__Data extract__.
- - - - - - -
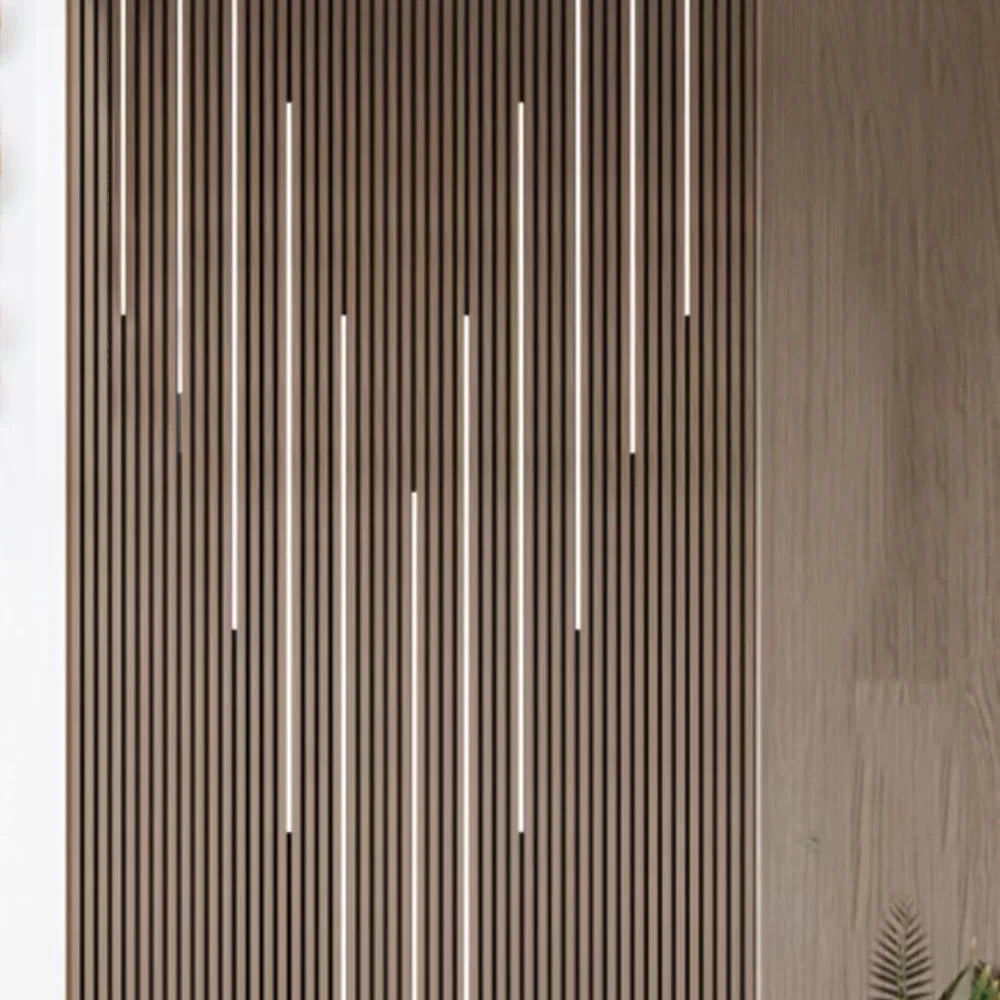 Wooden Slat Acoustic Panels Fireproof Eco-Friendly 21mm Thickness Modern Design for Indoor Decor Soundproof Wall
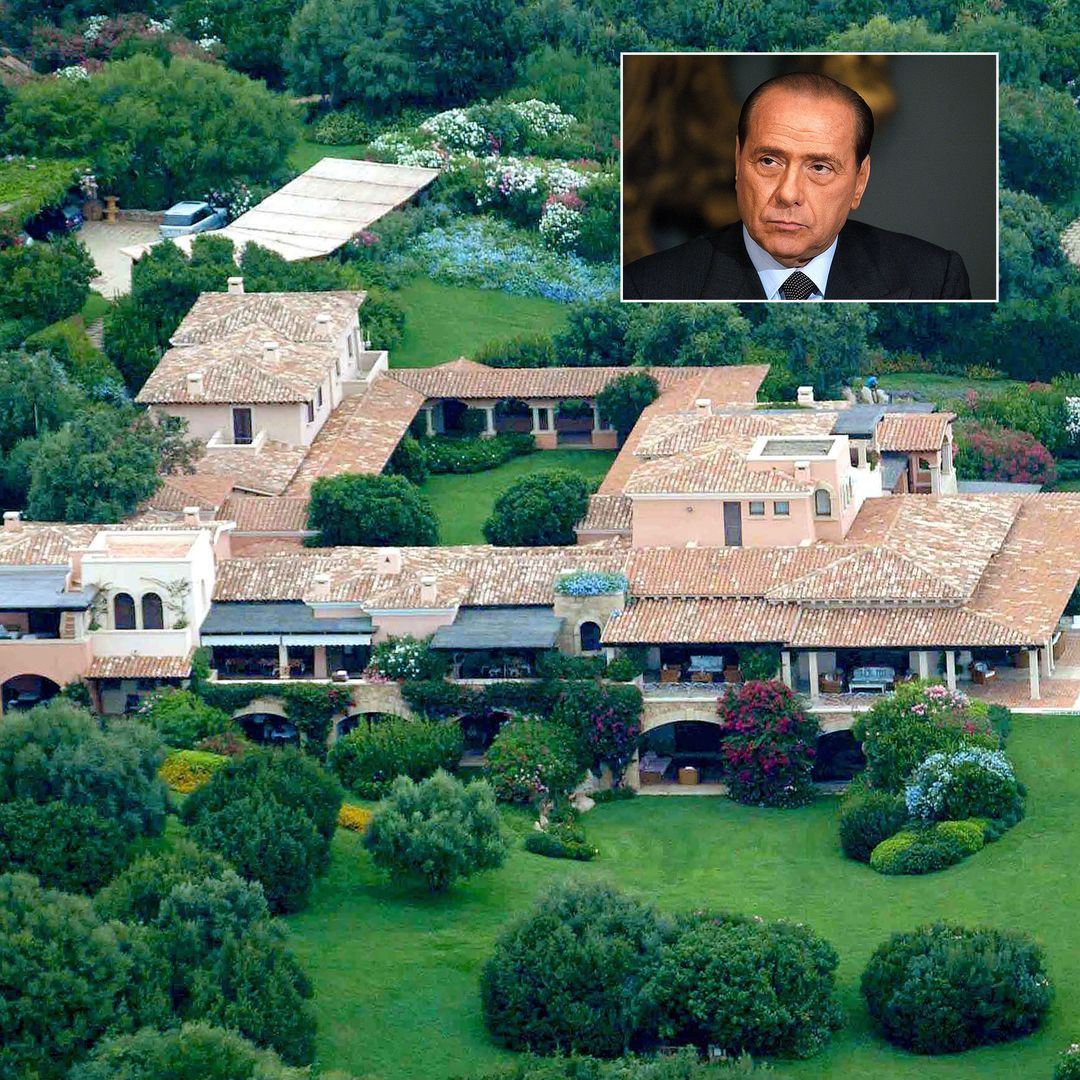 Jardines, anfiteatro y vistas al mar: así es la villa de Berlusconi en Cerdeña que la familia real de Qatar ha comprado por 350 millones de euros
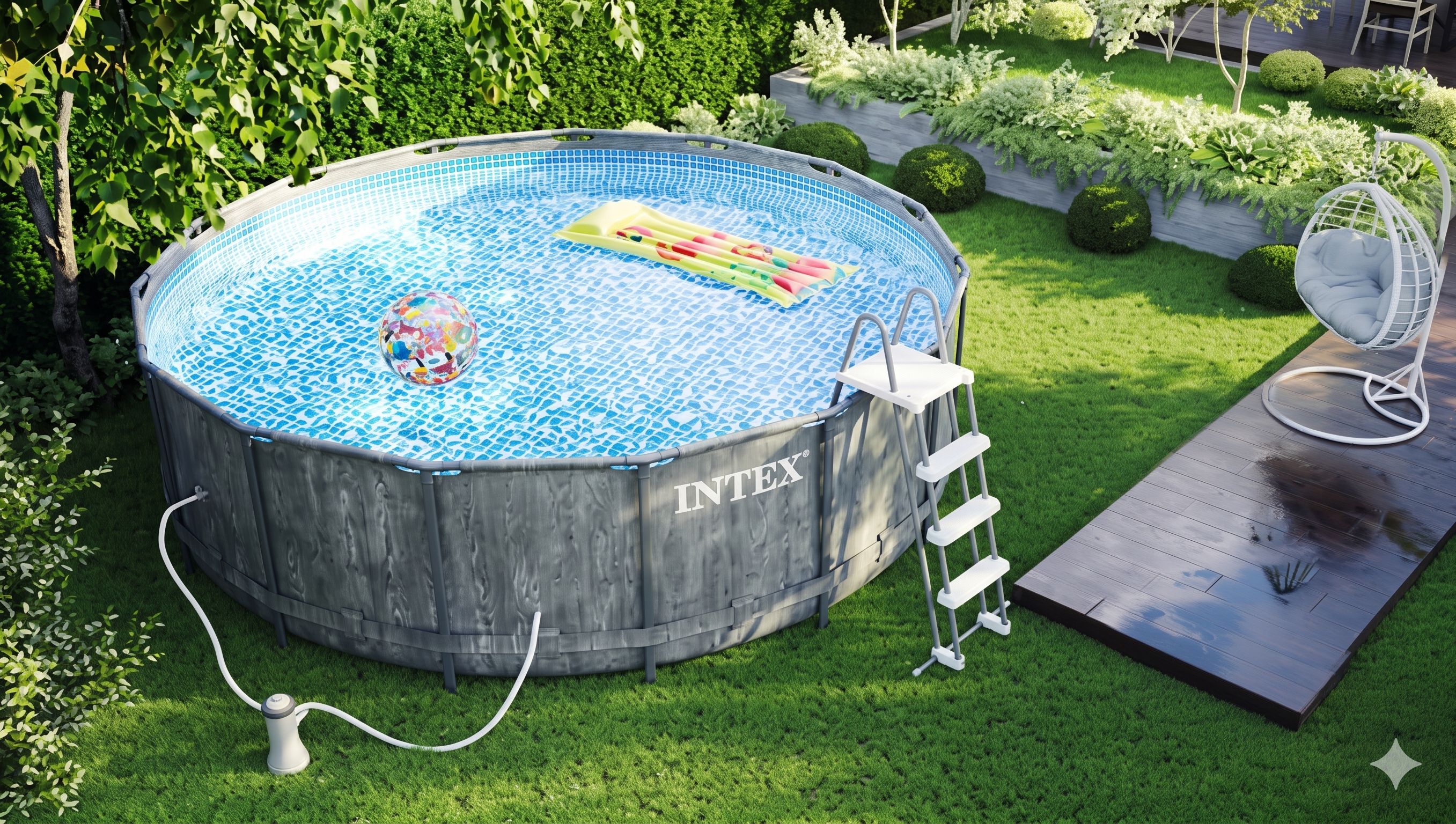 🏊 INTEX BAZEN SA METALNOM KONSTRUKCIJOM GREYWOOD PRISM FRAME PREMIUM 457 x 122 cm 🏊🔥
- - - - - - -
__Aim of the exercise__. Give the data again word for word, without images.

__Task result__.
 Wooden Slat Acoustic Panels Fireproof Eco-Friendly 21mm Thickness Modern Design for Indoor Decor Soundproof Wall
 Jardines, anfiteatro y vistas al mar: así es la villa de Berlusconi en Cerdeña que la familia real de Qatar ha comprado por 350 millones de euros
 🏊 INTEX BAZEN SA METALNOM KONSTRUKCIJOM GREYWOOD PRISM FRAME PREMIUM 457 x 122 cm 🏊🔥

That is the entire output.